You get the full works at Le Manoir. A lovely lounge for before and after your meal. Drinks and amazing canapés beforehand, coffee and petits fours to finish. You pay for the experience of course (The bill was £281 before service)!
We ate from the A la Carte menu - the cheapest option. I didn't see anyone going for either of the set 5 or 9 course tasting menus. We shared a bottle of Temperanillo and a glass of dessert wine.
It was all fabulous but it makes the three course luncheon seem like an amazing deal at £62.50 per person, plus you get to see the fabulous gardens.

The next morning one of my fellow swimmers was telling me that she went to Le Manoir just before Christmas a few years ago. Apparently thay had drinks and canapés and then all processed down to the local church to a Carol Service. Then back to Le Manoir for a big meal. She stayed the night too and said she thought it was a once-in-a-lifetime experience. I can well imagine.

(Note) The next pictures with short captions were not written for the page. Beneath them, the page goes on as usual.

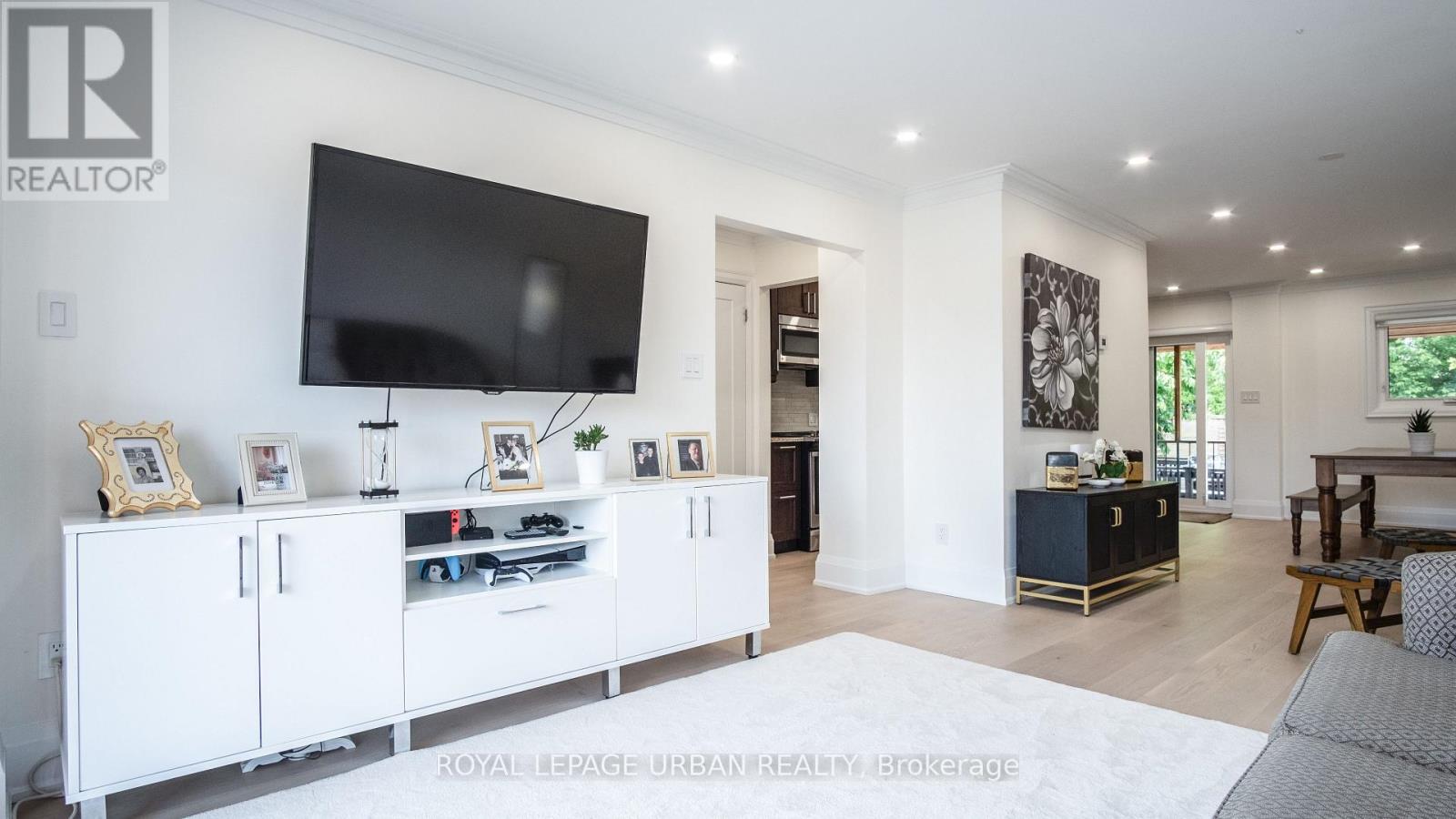 434 Westmount Avenue, Toronto, Ontario  M6E 3N5 - Photo 5 - C13079574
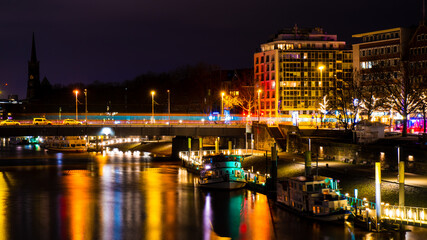 Fototapeta premium Schlachte bei Nacht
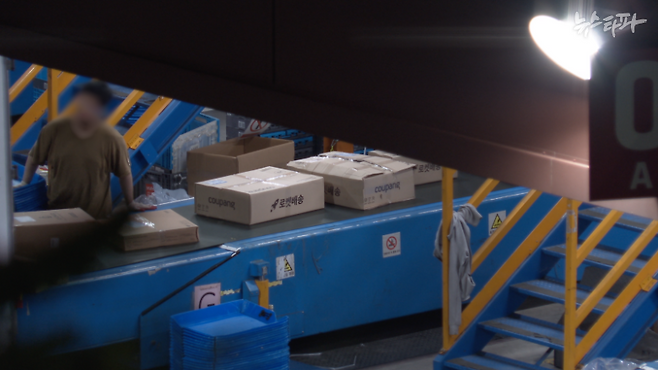 ▲ 쿠팡 물류센터에서 일하고 있는 야간노동자의 모습.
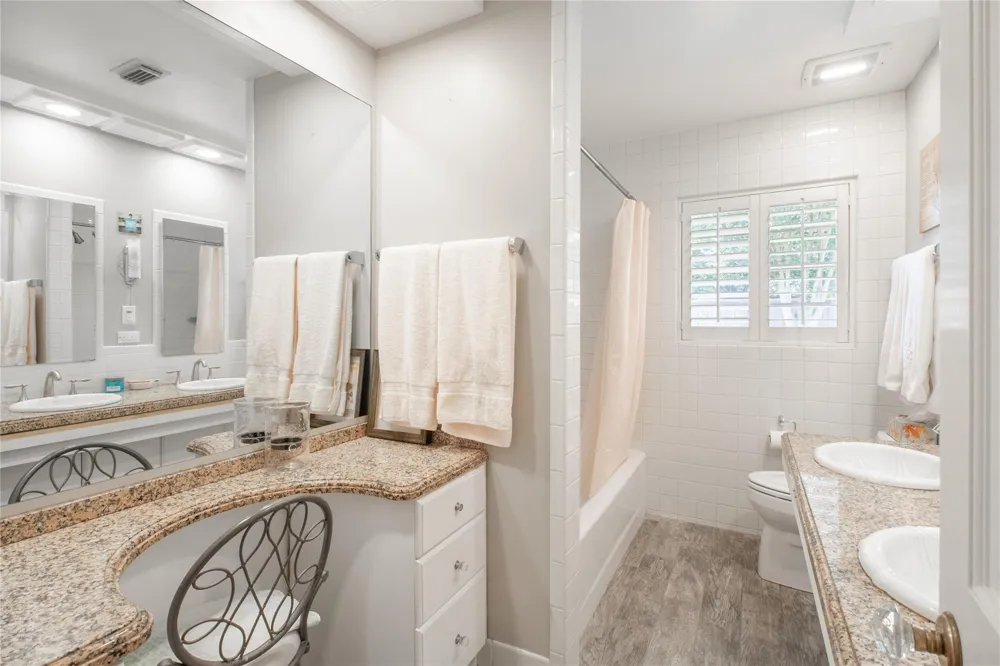 2107 Bron Holly Drive Houston, TX 77018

And for those of you worried about the fussy eater, he ate all that was put before him - a duck liver concoction, Roast Piglet, and the Wrong Pudding. He'd ordered a pear tarte tatin and was given something totally different which featured passion fruit (he wouldn't normally eat passion fruit)! I think he'd forgotten what he ordered, ate it and then was told by the waiter that they had made a mistake and he wouldn't have to pay for it but he could still have his pear dish. He declined on the grounds of being completely stuffed!


He was up most of the night complaining of indigestion . . .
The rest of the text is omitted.